The original Pebble was funded on Kickstarter and rocked up (oho) in 2013. It wasn’t the first smartwatch – but it was arguably the first one that mattered. However, I was at that point two decades deep into not wearing a watch at all. I’d never been a fan of the things, and once I started carting about a mobile phone, that was enough for keeping time. Before that, I was at university and, well, I went to art college. No one cared much about time-keeping there.
Set in stone
In hindsight, this was something I regretted. Avoiding the Pebble, that is, not going to art college. But now there’s a reasonable chance I’ll soon be able to immerse myself in Pebble joy without having access to a time machine – or resorting to eBay and risking a wag shipping me a rock in a box rather than a second-hand Pebble. This triumphant comeback comes courtesy of Pebble founder Eric Migicovsky and, in a rare moment of remembering its old motto, a temporarily not-evil Google.

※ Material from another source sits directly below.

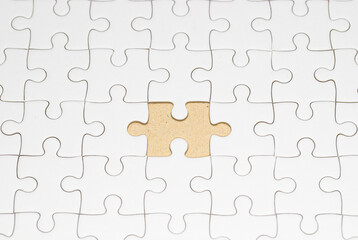 Missing piece of white jigsaw on the white background.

Dissatisfied with modern smartwatches, Migicovsky has apparently been mulling over creating a new one for some time. But he feared writing the software from scratch could scupper his plans. So he asked Google whether PebbleOS could be released from the vaults the company acquired when it ate Fitbit – which itself had previously consumed Pebble. To everyone’s surprise, Google said yes and has now open-sourced PebbleOS, ready for clever coding folks to massage it with their magic hands (I’m pretty sure that’s technically how software is made) and inject the result into shiny new hardware.
Only the new Pebble smartwatch won’t be new in every sense. Because that’s kind of the point.
Rock the boat
I’m excited about Migicovsky’s vision for the new Pebble smartwatch, because it’s all about focus and sustainability. We need more tech that isn’t trying to do everything at once. Not everyone needs an iPhone on their wrist. In much the same way as I’m getting back into CDs and mulling over an e-reader, I like the idea of a smartwatch that does only what’s really important and necessary.
Migicovsky talks of an e-paper display that’s reflective, thereby working in sunlight, and that doesn’t look like you’ve a tiny distracting torch glued to your wrist. Of battery life measured in weeks rather than days (or hours). Of a small number of vital features – time, alerts, weather, music and step tracking – with simple interactions and physical buttons to activate them. But also of integration with modern smartphones and customisation that lets you make the device your own.
Which isn’t to say I want to hurl my Apple Watch into traffic just yet. Definitely not before I complete today’s rings anyway. But competition can make existing players rethink. My current Apple Watch no longer demands an exaggerated wrist flick to use its display. If the new Pebble – Nebble? – can convince Apple to iterate further and steal its best ideas on things like battery life, simplicity and customisation, I won’t complain. Or maybe I’ll switch. Either way, perhaps this time round Pebble won’t be taken for granite.